To deploy, you can either use direct connection to the database platform or create “scripts” that can then be run to create the database.

New transactional databases (OLTP) typically have front end applications that are feeding data into the database. For databases built around the concept of Data Warehouse/Data Lake we typically find either:

  1. Extract, Transform, Load (ETL) which is normally a continuous, ongoing process with a well-defined workflow. ETL first extracts data from homogeneous or heterogeneous data sources. Then, data is cleansed, enriched, transformed, and stored either back in the lake or in a data warehouse.
  2. Extract, Load, Transform (ELT) is a variant of ETL wherein the extracted data is first loaded into the target system. Transformations are performed after the data is loaded into the data warehouse.

ELT typically works well when the target system is powerful enough to handle transformations. Analytical databases like Amazon Redshift and Google BigQuery are often used in ELT pipelines because they are highly efficient in performing transformations.

Typically, however, data is temporarily stored in at least one set of staging tables as part of the process.

The extract step might copy data to tables as quickly as possible in order to minimize time spent querying the source system, or the transform step might place data in tables that are copies of the warehouse tables for ease of loading (to enable partition swapping, for example), but the general process stays the same despite these variations.

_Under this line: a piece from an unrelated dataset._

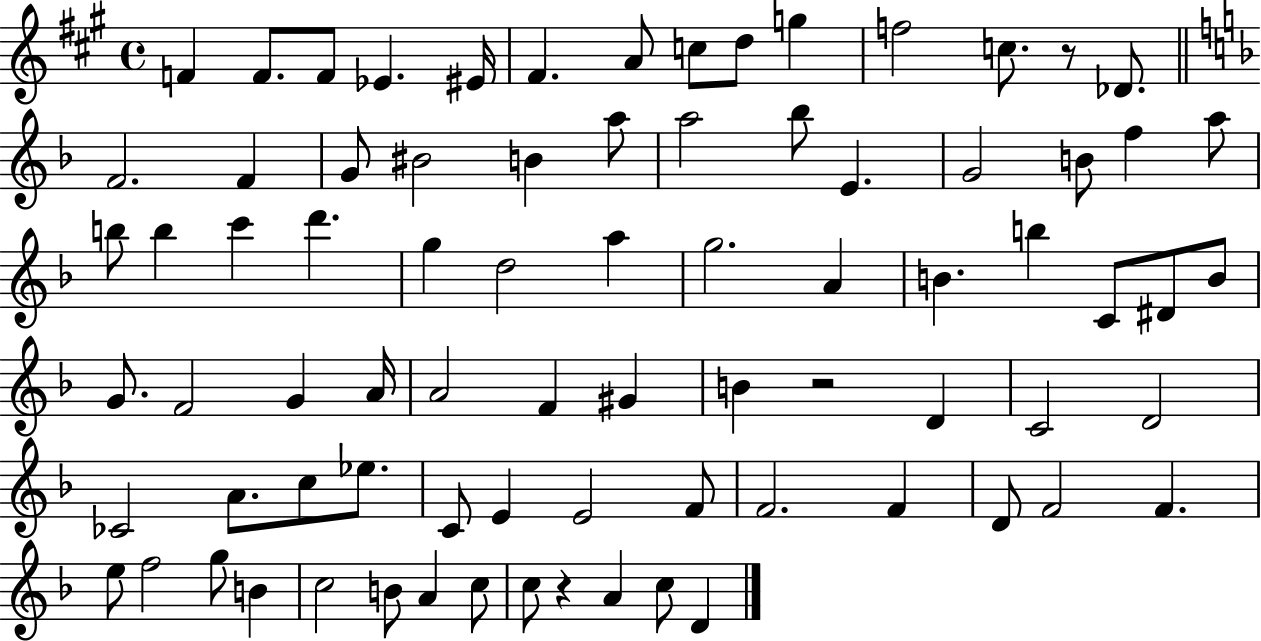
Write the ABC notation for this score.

Which is better depends on priorities. All things being equal, it’s better to have fewer moving parts. ELT has no transformation engine – the work is done by the target system, which is already there and probably being used for other development work.

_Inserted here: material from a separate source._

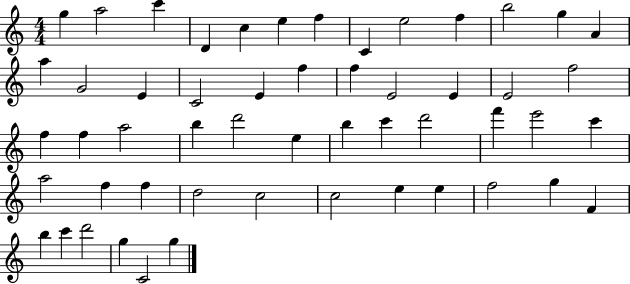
G5/q A5/h C6/q D4/q C5/q E5/q F5/q C4/q E5/h F5/q B5/h G5/q A4/q A5/q G4/h E4/q C4/h E4/q F5/q F5/q E4/h E4/q E4/h F5/h F5/q F5/q A5/h B5/q D6/h E5/q B5/q C6/q D6/h F6/q E6/h C6/q A5/h F5/q F5/q D5/h C5/h C5/h E5/q E5/q F5/h G5/q F4/q B5/q C6/q D6/h G5/q C4/h G5/q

On the other hand, the ETL approach can provide drastically better performance in certain scenarios. The training and development costs of ETL need to be weighed against the need for better performance. (Additionally, if you don’t have a target system powerful enough for ELT, ETL may be more economical.)

Some general guidelines on data loading:

Extract, Transform, Load (ETL)

Extract, Load, Transform (ELT)

Bulk data movement

When ingestion speed is king

Complex rules and transformations are needed.

When more intel is better intel

Combine large amounts of data from multiple sources

When you know you will need to scale

Finally

To sum things up, building, deploying and loading efficient and effective data platforms revolves around planning and modeling. If these things are done up front with the inclusion of the organization in the planning stages then we save a lot of headache and cost. I will leave you with this quote which pretty much says it all:

 
“If you do not know where you come from, then you don't know where you are, and if you don't know where you are, then you don't know where you're going. And if you don't know where you're going, you're probably going wrong.”